• _WHAT TO PRODUCE_
The lines below must be transcribed exactly as given, with the images removed.

• _RECORDED INFORMATION_
* * *
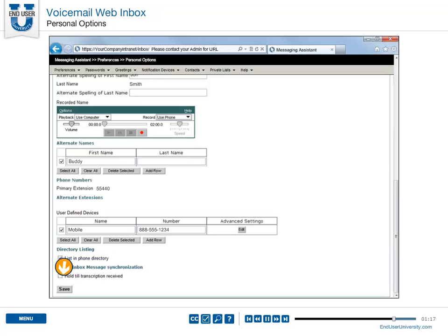If you enable Hold Till Transcription Received, new voicemails between connection and exchange mailboxes will be synchronized.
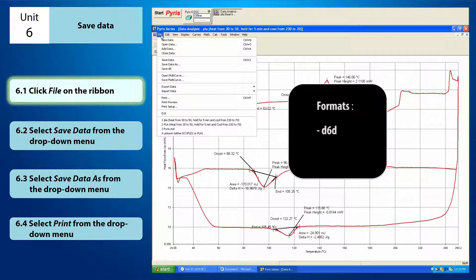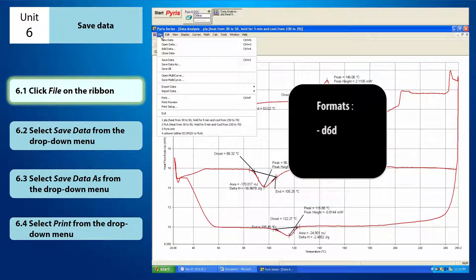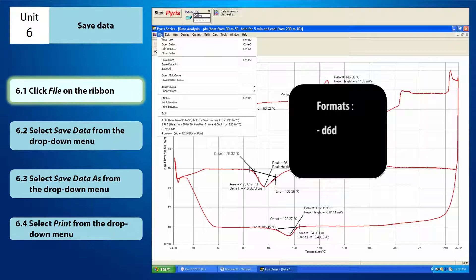It is a PIRIS data document and it can only be opened using PIRIS software. When you have entered the sample ID and selected the folder back in the method editor window, your sample has already been saved in D6D format. When you save your data in D6D format, you can reopen, edit and even further analyze your data.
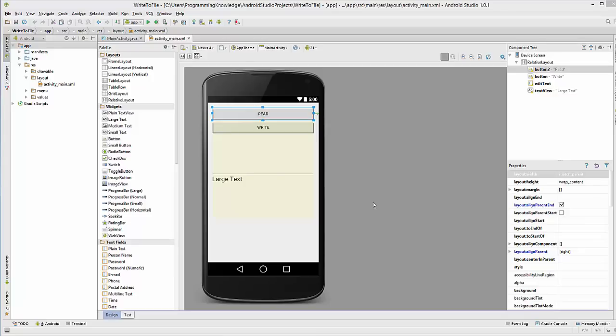Welcome to the next video tutorial on Android app development for beginners. In this video we will see how we can create a text file and save it into the internal storage of your Android device. There are two ways you can save a file: one is in the internal memory and the other is the external memory. In this video we are going to see how we can save a file in the internal memory.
* * *
• _THE COMPLETED TASK_
If you enable Hold Till Transcription Received, new voicemails between connection and exchange mailboxes will be synchronized.
It is a PIRIS data document and it can only be opened using PIRIS software. When you have entered the sample ID and selected the folder back in the method editor window, your sample has already been saved in D6D format. When you save your data in D6D format, you can reopen, edit and even further analyze your data.
Welcome to the next video tutorial on Android app development for beginners. In this video we will see how we can create a text file and save it into the internal storage of your Android device. There are two ways you can save a file: one is in the internal memory and the other is the external memory. In this video we are going to see how we can save a file in the internal memory.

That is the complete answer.